Blogging

I’m convinced that blogs are a very self-indulgent forum, a cheap way for people to get up on a soapbox and spout stuff that people wouldn’t pay to read. I’ve never claimed to not be self-indulgent, however, so don’t expect me to shut down this blog. (I did shut down my Agile Java forum because of all the spam jerks out there.)

Going forward, I’m going to try to move these blog entries more into the realm of the provocative and honest. I’ve been challenged with the notion of that I’m a zealot, that I’m an arrogant, elitist agilist. Perhaps some of that’s true.

I’m certain that I’m a bit arrogant. But some of that is necessary in order to have the confidence to run a business on your own. I’m definitely not so arrogant that I would presume what I’m doing is the only right way to do things, and that other people are doing it “wrong.” I’m also pretty humble about my own abilities.

And I’m certain that I’m pretty enthusiastic about TDD. Why? To sell more consulting and/or training? I’d be lying if I said it has nothing to with generating business.

But that’s not really why I promote TDD. I’ve done it for seven years now. Some of that was either short-term consulting or in a training setting. But I’ve also had longer stints during that time span (7 and 12 months) where I did hardcore TDD, and on sizeable systems (500,000-800,000 loc systems). And most of the consulting work I’ve done has been in helping developers work on typical, larger systems in Fortune 500 companies. I say this, because I’ve seen people suggest I’ve never worked on a real project, anything above 30,000 loc. Whatever.

What this work has generally revealed is that most developers are clueless about quality code and good design. But it’s also revealed that these aren’t that difficult concepts–as long as the developer is willing to learn. It only takes a few days before things start clicking with most developers. I worked with one sharp, wonderful guy for about 4 days worth of pairing, doing TDD, and refactoring. I asked for a quote from him about his experience, one that I could take to his VP (and justify my cost). He thought for a minute and said, “I’ve learned more about software development in the past few days than I have in the past two years.”

I’ve also worked with many developers who just don’t care that much about what they do for a living. And I’ve worked with many developers who already know how to build perfect software. Not. There’s some adage about old dogs and new tricks. This industry seems to birth a lot of dogs who happen to already know everything.

Ultimately, I do this because I love developing software. I’ve also learned that my code always starts out sucking, that there’s always a better way to do it, and that I can get to that better way pretty easily–particulary if I’m doing TDD. I’ve also noted that just about everyone I’ve paired with demonstrates the same.

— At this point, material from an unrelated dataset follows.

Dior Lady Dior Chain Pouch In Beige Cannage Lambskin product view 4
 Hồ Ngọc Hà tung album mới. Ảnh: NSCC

And, here’s my zealot out-of-touch agilist statement: I love doing TDD, because I’ve gotten it to work, for me and for many developers I’ve had the pleasure of doing business with. If you don’t like it, go back to the same old way you’ve always been slogging through code. I don’t give a hoot. And don’t forget to write a self-reassuring blog about how TDD can’t possibly work as well as I’ve touted it.

Open Note to Google

I thank Google one final time for having me speak last Tuesday (June 6). The talk I gave was entitled “Speeding up Development With TDD.” The abstract suggested I was giving a brief live coding demo, which I did. It was intended as an introductory talk, and I’m not sure how more might have been expected given the abstract. Nonetheless, I apologize for the miscommunication.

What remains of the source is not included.